When I was in my late 20s, I had the exact same feeling as you. And after I had established financial freedom and understood my marketability, I resigned from Microsoft and to find my purpose for almost 2 years. During that time, I interacted with theater people instead of software engineers, I went to Europe and travelled all over the US, I moved from Seattle down to Los Angeles, and I read books about directing, writing, and cinematography.
I felt my purpose was to make movies, and I had enough soft skills to start as a Production Assistant, which is the entry level position in the film industry. But because I had the financial freedom to give me the time to think, and confidence that I could get a job like my old job back, I eventually came to the realization that making movies was a job–but it wasn’t my purpose. What my purpose was, and still is to this day, is storytelling. Yes, storytelling using movies, but also words, photos, videos, advertising, speeches, presentations, blogs, YouTube… whatever. As long as the story I tell could move, enlighten, entertain, enthrall, inform, educate… and so on, I could be happy.
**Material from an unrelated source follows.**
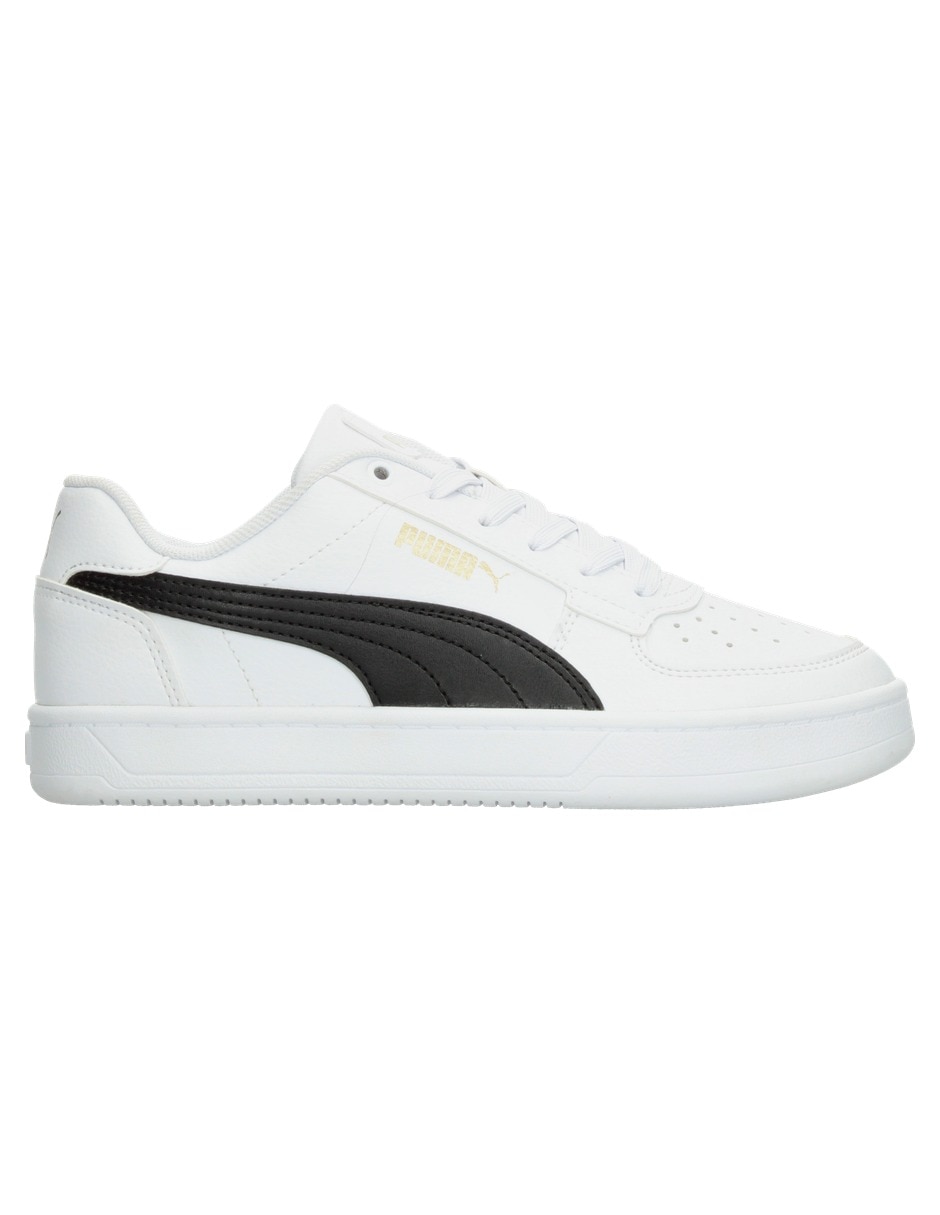 Tenis Puma Caven 2.0 para mujer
After I found my purpose, my first job back was similar to the old Microsoft job I had. I was paid well to build software, this time for Ralph Lauren and NBC’s joint venture, Polo.com. Within a short period of time I became the Chief Technology Officer. But when I got there I knew that it’d be my last job as a tech guy, because I wanted to be a storyteller. So when I finished rebuilding Polo.com’s e-commerce platform, I left and began my 2nd career as a storyteller, as a Senior Director of Marketing for Microsoft. Moving from tech into marketing was easy for me because I knew what skills I didn’t have. In my last tech job I actively learned how marketers in the fashion industry told stories about their clothes for each season, and I used that knowledge in my new job as a marketer.
Marketers can be driven by many things: data, product, story, channel, price, competition, brand, etc. I leveraged the fact that I was good in math and knew how to build products to cover the basics, all so that it’d I’d have the opportunities to hone my skills as a brand- and story-driven marketer.
It took me nearly 20 years to transition into the full-fledged storyteller that I am today. But the journey wasn’t painful, and it needn’t be for you either if you start with an honest assessment of your financial needs and marketability.